2. Information retrieval requirements
Funded by ESRC, the JISC and the University of Essex, the UK Data Archive is committed to supporting secondary analysis; that is the re-use of quantitative, qualitative or historical data. Data analysis requires knowledge of and access to specialist statistical software such as SPSS or Stata; thus, the Archive’s users are a special clientele who rely on the Archive both to supply data in an appropriate form and to support their use.

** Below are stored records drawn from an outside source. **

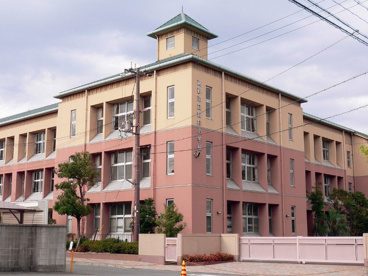 荒井小学校の画像1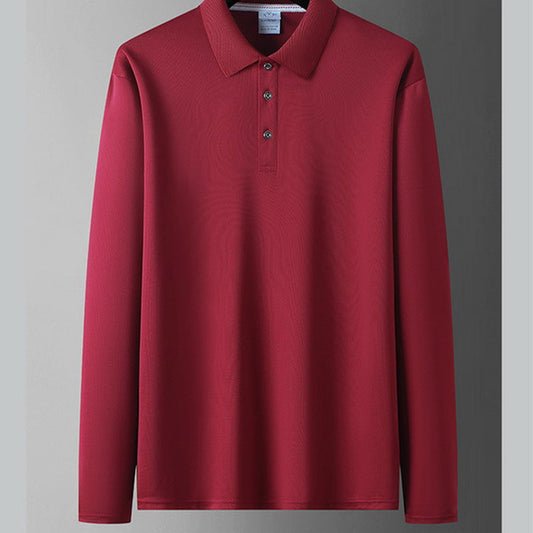 📢📢40 % DE RÉDUCTION !! ⏰Haut uni style business casual pour homme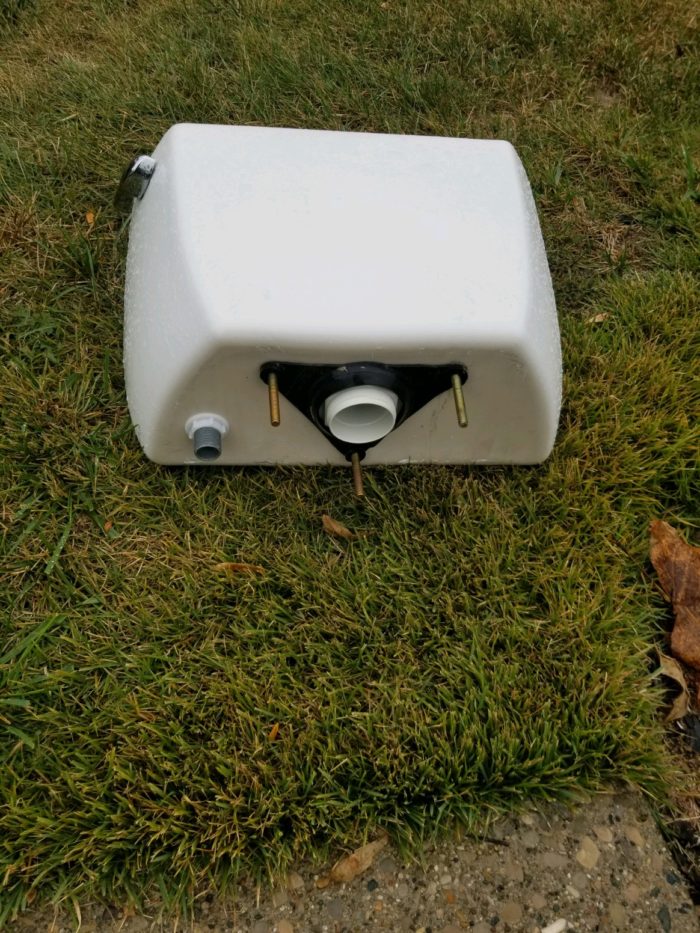 kohler 51487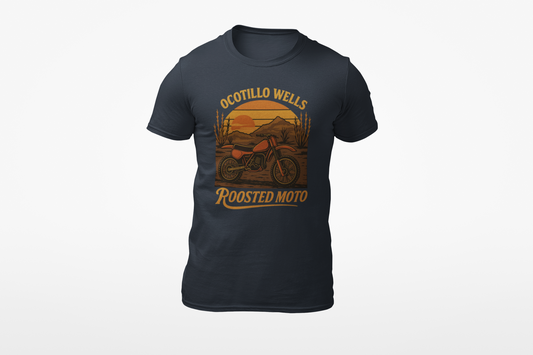 Roosted Moto Ocotillo Classic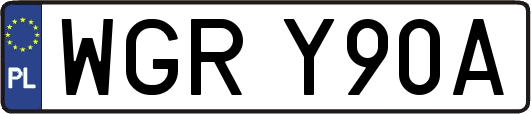 WGRY90A
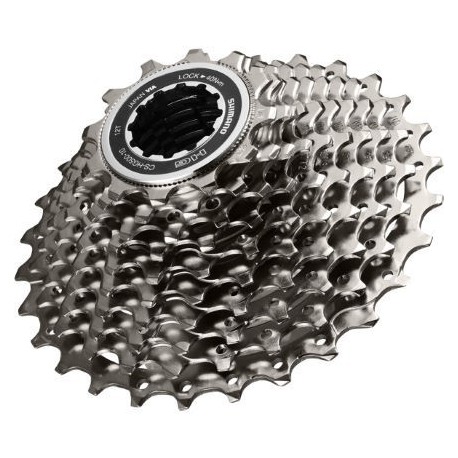 Cassette Shimano Tiagra CS-HG500-10 1134D - Envío Gratuito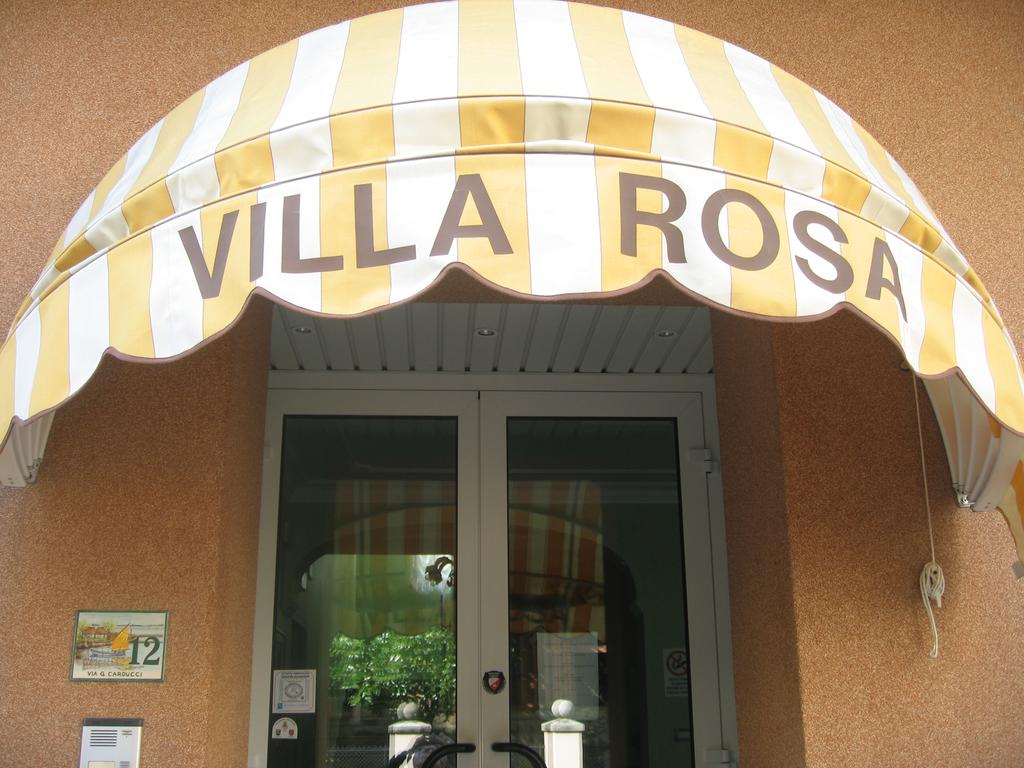 Hotel Villa Rosa Grado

Since Archive users are primarily data analysts, an important access requirement is variable information. Some users will be specialists in a particular data collection, others will have broader interests and require subject rather than variable access. Data analysts will wish to retrieve particular variables of interest or to locate studies of interest; survey managers, teachers of survey methods, social and economic researchers and post graduate students wishing to conduct pre-analysis will search for relevant survey questions and other information in the documentation.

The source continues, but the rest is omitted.